Create test cases for invalid and unexpected conditions, as well as valid ones.

Never create a throwaway test case, unless the program is also a throwaway. You’ve already created it. Save it for later or it will be lost. Don’t lose that time investment.

“The probability of the existence of more errors in a section of a program is proportional to the number of errors already found in that section.” This is counterintuitive. We often think, “Oh, I’ve already tested there so there won’t be more errors there.”

To summarize -

  • Our testing intent should be to find errors.
  • A good test case has a high probability of detecting undiscovered errors.
  • A successful test case detects undiscovered errors.

A Program Inspection happens with 4 people, the author and 3 other experienced programmers. On of these 3 should be a moderator who helps keep ego out of the equation. Don’t publish the results anywhere. Be gentle. The author narrates the program statement by statement, out loud. This alone uncovers bugs. Program is analyzed with regard to a checklist that has these main sections.

  • Data-Reference errors
  • Data-Declaration errors
  • Computation errors
  • Comparison errors
  • Control-Flow errors
  • Interface errors
  • Input/Output errors

A Program Walkthrough happens with a group of people and some simple test cases. The group walks through the program execution. It will be far slower than a machine execution so you can only do a little bit here.

Desk Checking involves people separately checking code on their own. It is not as effective as these other approaches because there is less collaboration and accountability. Being in the moment together, encourages us to find bugs and “show off.”

A Program Review happens with multiple developers swapping programs, looking over them and rating the accuracy.

Test Case Design

“What subset of all probable test cases has the highest probability of detecting the most errors?”

Black Box Approaches

  • Equivalence Partitioning
  • Boundary-value Analysis
  • Cause-effect Graphing
  • Error guessing

White Box Approaches

  • Statement coverage
  • Decision Coverage
  • Condition Coverage
  • Decision/Condition Coverage
  • Multiple Decision Coverage

Decisions contain conditions.

Statement Coverage is weak.

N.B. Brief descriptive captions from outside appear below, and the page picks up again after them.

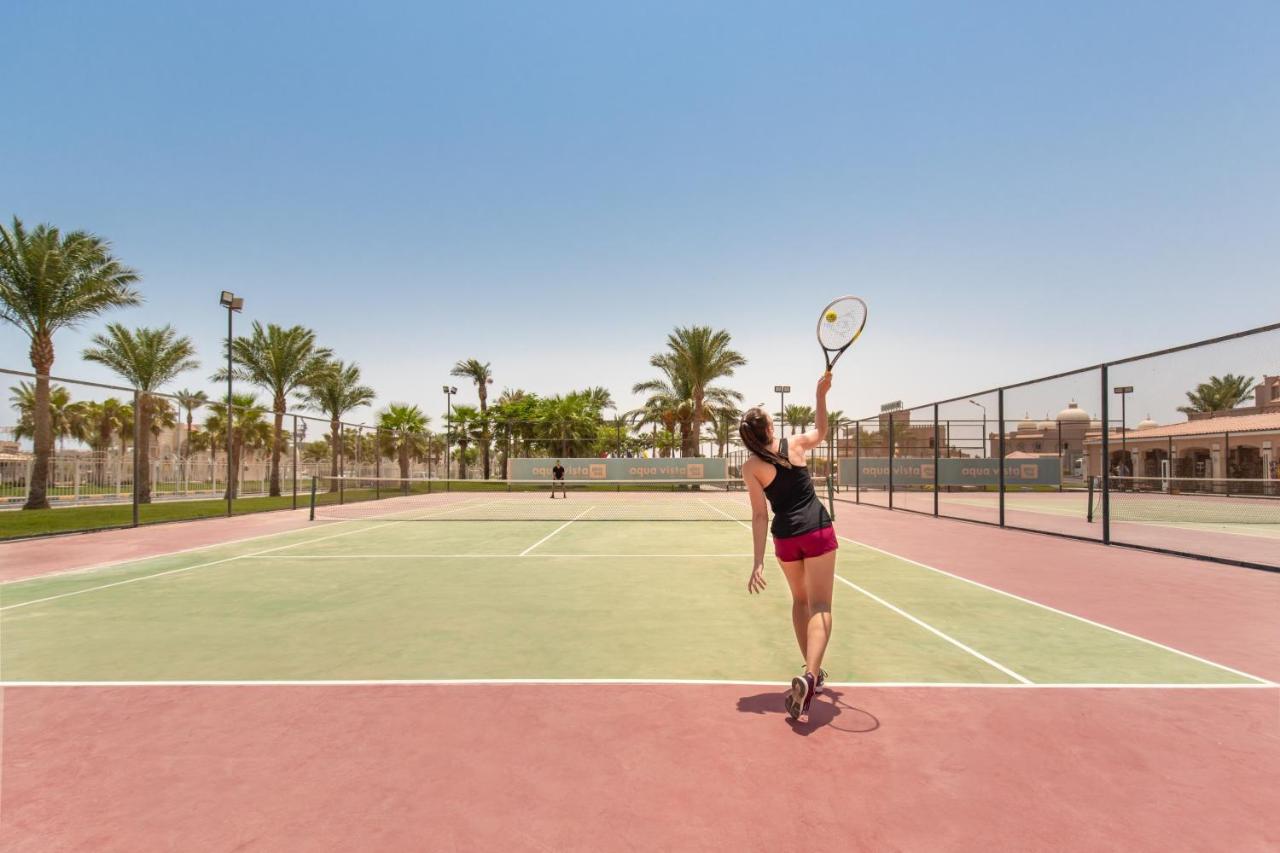 Tennis court: Aqua Vista Resort - By Pickalbatros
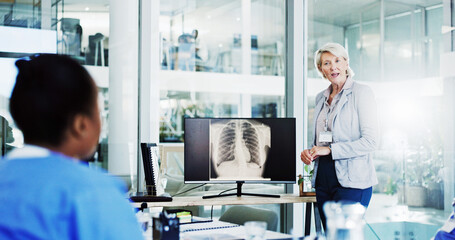 Obraz premium Doctor, surgeon and coaching with screen for x ray, medical procedure or CT scan results at office. Mentor, leader or speaker with nurse or MRI for healthcare training or planning surgery at clinic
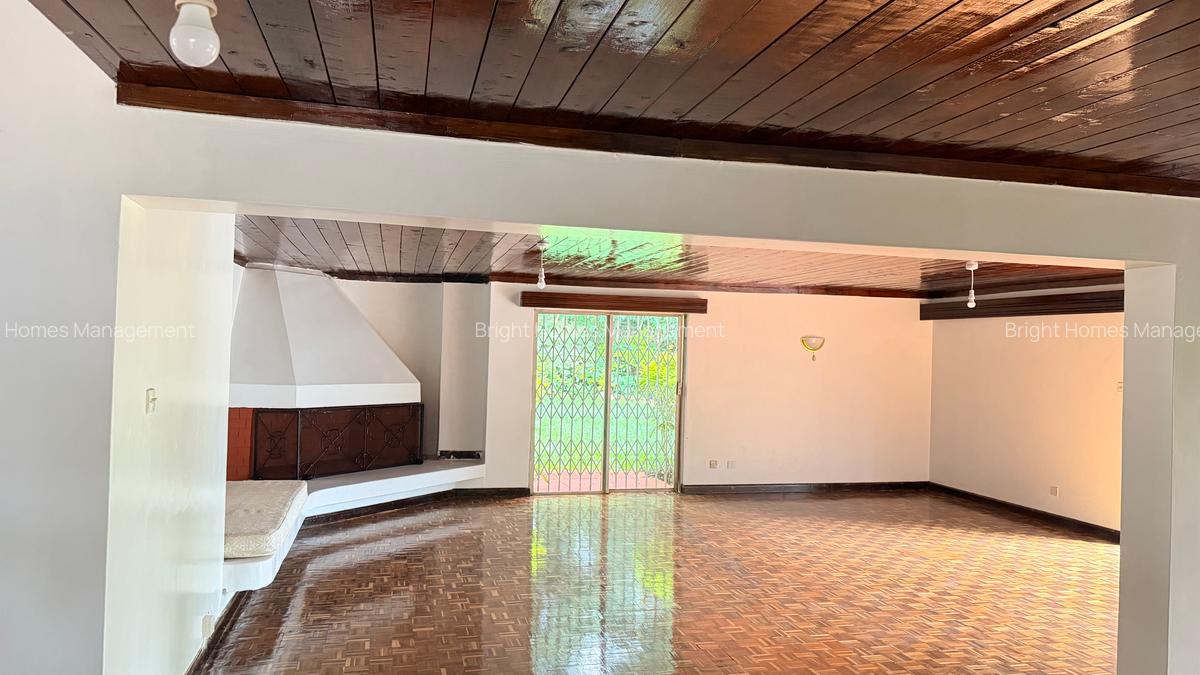 5 Bed House with En Suite in Lavington - 9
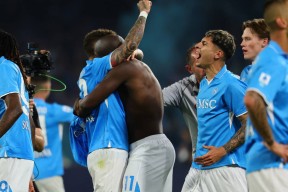 开云APP-拜仁慕尼黑迎法甲关键赛，赛前更衣室发声，目标明确，轮换策略成焦点的简单介绍-开云APP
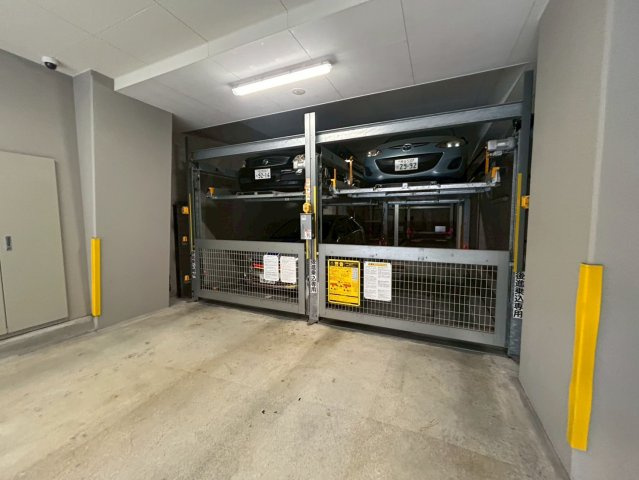 プレサンス谷町九丁目駅前の駐車場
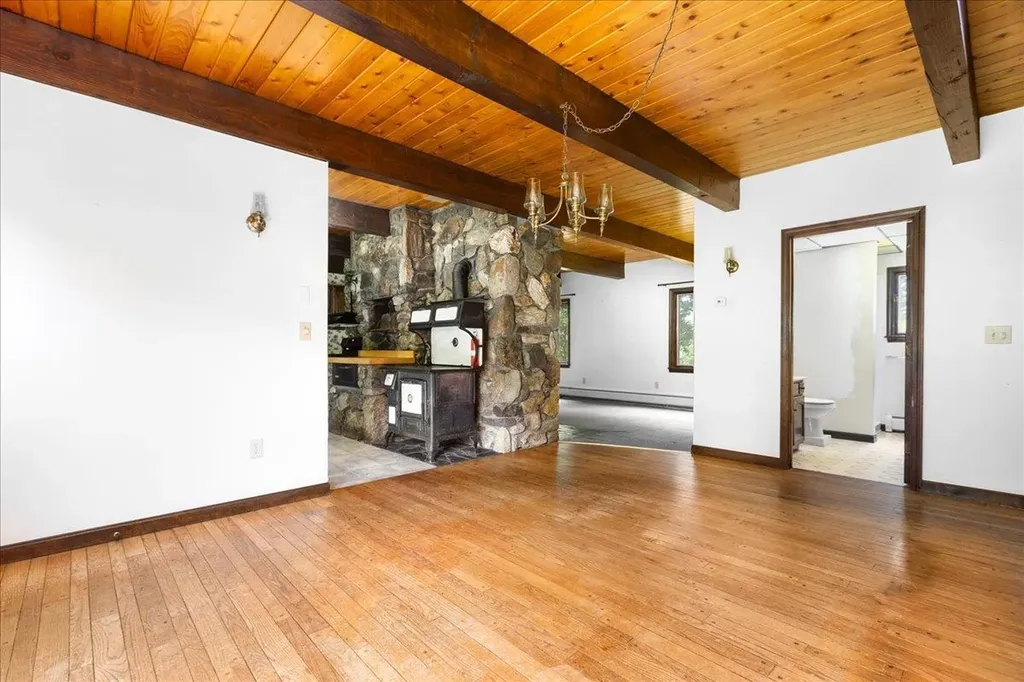 985 Slate Ledge Road Littleton NH 03561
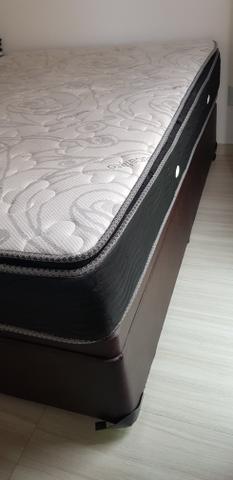 Cama box com baú (casal)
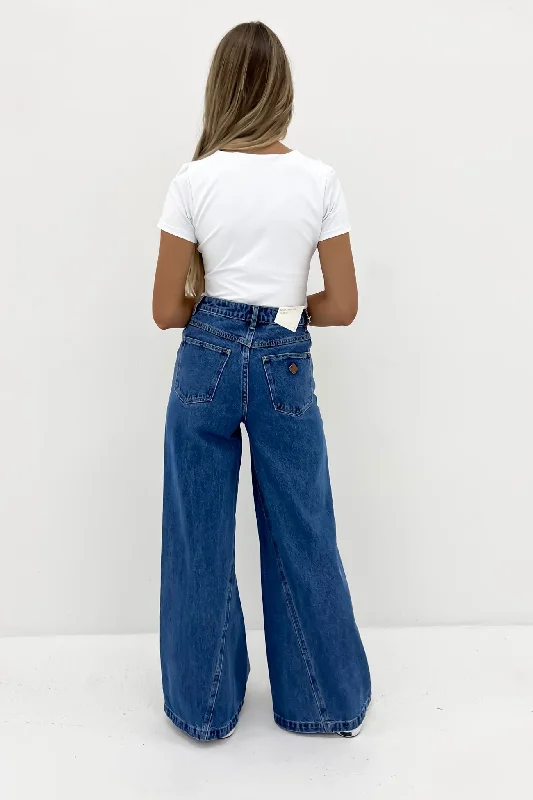 A 94 Super Wide Jean Chantell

Decision (Branch) coverage is stronger. The latter means each true/false decision must have both outcomes at least once. In other words, each branch must be traversed at least once.

Condition Coverage is stronger than Decision Coverage. In Condition Coverage, we have written enough test cases so that each condition has every possible output at least once.

Decision and Condition Coverage usually covers all statements, but not always. For example, not in these cases.

  • The program has no decisions.
  • Program has multiple entry points. Given statement might only be executed if program is entered from certain point.
  • Statements might have ON-units. Traversing every branch may not make ON-units to be executed.

Therefore, Decision and Condition Coverage should be modified to say that each point of entry (including ON-units) be invoked at least once.

Decision/Condition Coverage requires that test cases such that each condition in a decision takes on all possible outcomes at least once and each decision takes on all possible outcomes at least once and each point of entry (and ON-units) are invoked at least once.

Multiple-Condition Coverage requires test cases that cover all combinations of condition outcomes in each decision are executed at least once.

Equivalence Partitioning involves chunking our inputs into subsets. Equivalence partitioning happens with inputs and outputs. Not just inputs. Think about that.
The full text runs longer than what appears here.